The first hit is free.
Unknown cause.

"Only a pin point, Monsieur. In a flower or perhaps a glass of wine." ~ "Murder" Legendre.

3a.  Unknown origin - The origin of the zombies is clearly shown - the voodoo of "Murder" Legendre.  However, it is ambiguous as to whether they are raised from the dead by his ritual or the poison he uses simply fakes their death for later "resurrection."  Whichever it is, he does seem to have some sort of mental powers to control the zombies.
3b.  Vague hints - Directly show, but as noted there's some ambiguity.
3c.  The originators - "Murder" Legendre is the voodoo practitioner who brings back dead individuals as zombies.  For Madeline, Mr Beaumont is his accomplice.

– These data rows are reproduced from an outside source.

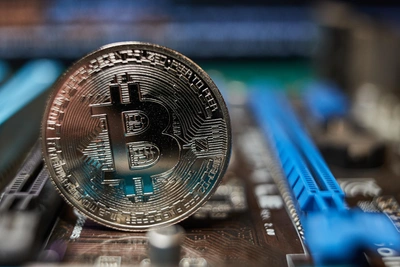 Основатель BitRiver арестован по делу о сокрытии средств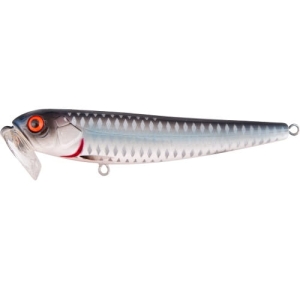 Wobbler STRIKE PRO Swing Pops Top Water 8.5cm/9.8g Wobbler STRIKE PRO Swing Pops Top Water 8.5cm/9.8g
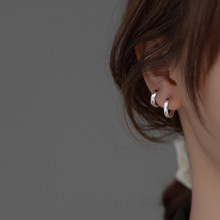 s925���̿���Ůʿ���ʶ���ʱ��Բ�μ��ζ���M01768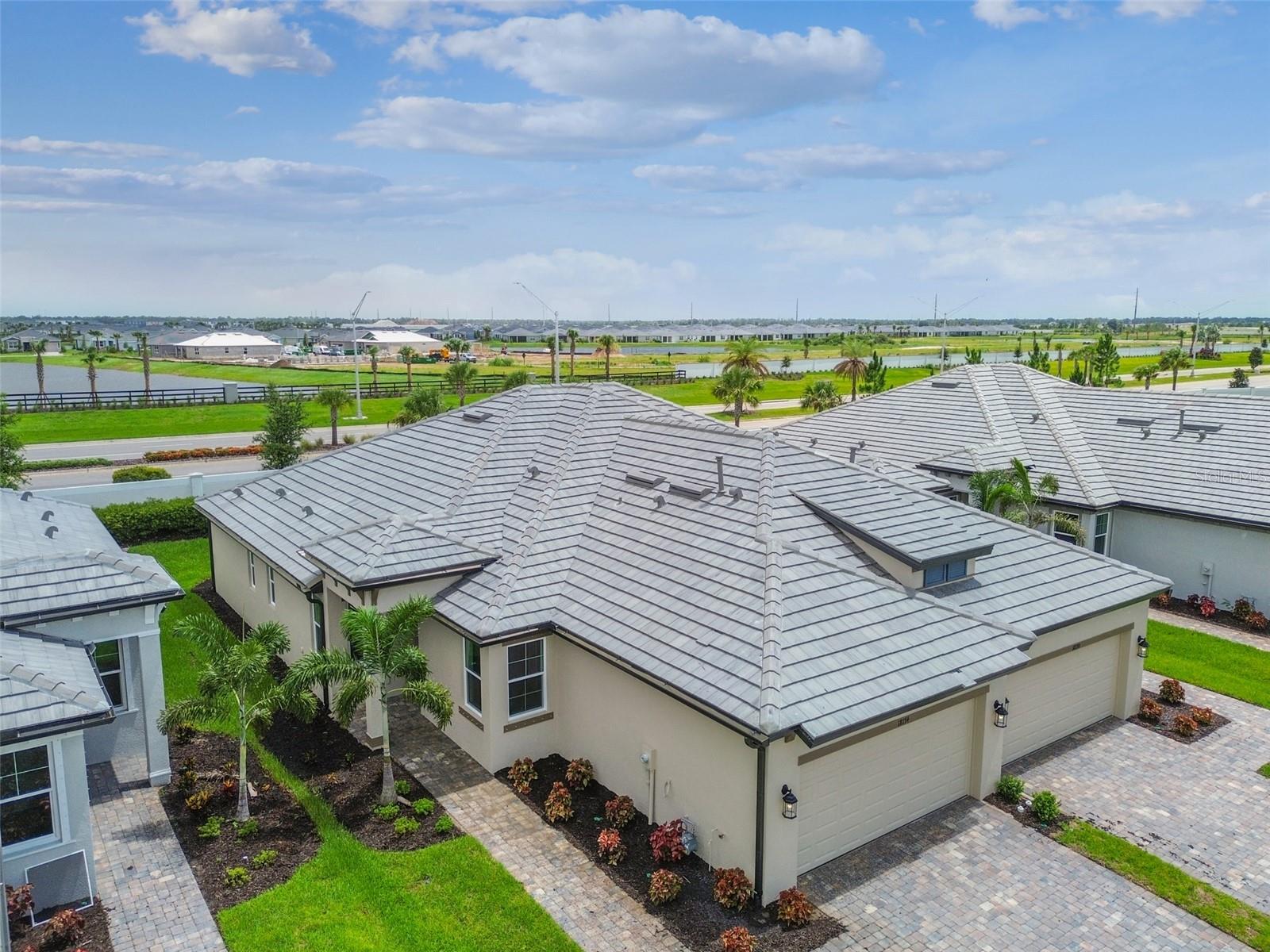 18174 CHERISHED LOOP, BRADENTON, FL, 34211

There's always that one zombie who doesn't pitch in.
The Living Dead.

"They are not men, monsieur.  They are dead bodies." ~ Coachman.
"Dead?"  ~ Neil Parker.
"Yes, monsieur.  Zombies!  The Living Dead.  Corpses taken from their grave or made to work in sugar mills or fields at night.  Look!  Here they come!" ~ Coachman.

4a.  Dead - Dr Brunner theorises that although superstition is that zombies are dead, that they are alive in everything but mind and heart (soul).  Neil shoots one in the chest and it keeps coming, although that could possibly be because he's so deeply hypnotic controlled he doesn't react to the serious injury, being the resurrected dead seems more likely.  However, Madeline seems cured once Legendre dies, which is less likely is she was the walking dead (collapse and proper death seem more likely.)
4b.  Rising from the grave - Does not occur, it is implied and shown that Legendre steals the bodies from their graves to use them.
4c.  Instant decay - The zombies look pale and a bit gaunt (mostly) and chalky.  Madeline is just pale.  Some, limited, decay may have occured to the others, she is just more recent.
4d.  Origin - Supernatural or drugs.  Supernatural events certainly occur.
4e.  Spread - Seemingly only spread via poisoning and ritual.
4f.  Rudimentary IQ - Seem to have no will or mind of their own, but able to follow simple instructions, up to operating a coach to pick someone up and bring them back to their master and piano playing, although it is shpwn to be some sort of mental control.  Without mental control they do tend to walk off cliffs.
4g.  Rudimentary speech - No speech.
4h.  Lost memory - One of the maids thinks zombie-Madeline may be remembering something, but the other states that they never remember.  Zombie-Madeline does seem to struggle against the idea of stabbing Neil and later.  She seems completely cured when Legendre dies.
4i.  Slow/Shambling - Slow delibrate walking.
4j.  Swarms - They are shown working and acting in groups, but only because that's what they're instructed to do.
4k.  Stealth zombies - They're pretty quiet, but they don't really sneak up on anyone.  The only character who does is one dying of the poison that makes zombies.
4l.  Feeding - The zombies are not shown to eat.
4m.  Destroy the brains - Shots to the chest do nothing to slow the advancing zombies down.  Shots towards the ground around the zombies' feet are likewise ineffective.
4n.  Exploding heads - No shots to the brain.  Probably wouldn't have shown it anyway.
4o.  The Z Word - They are refered to as "zombies" about 4 times, and "the living dead" three times (although two of those are indirectly to describe a location).  They are also described as "corpses" about three times and "dead bodies" twice.  Legendre refers to them as "men," which is answered with a questioning "men?"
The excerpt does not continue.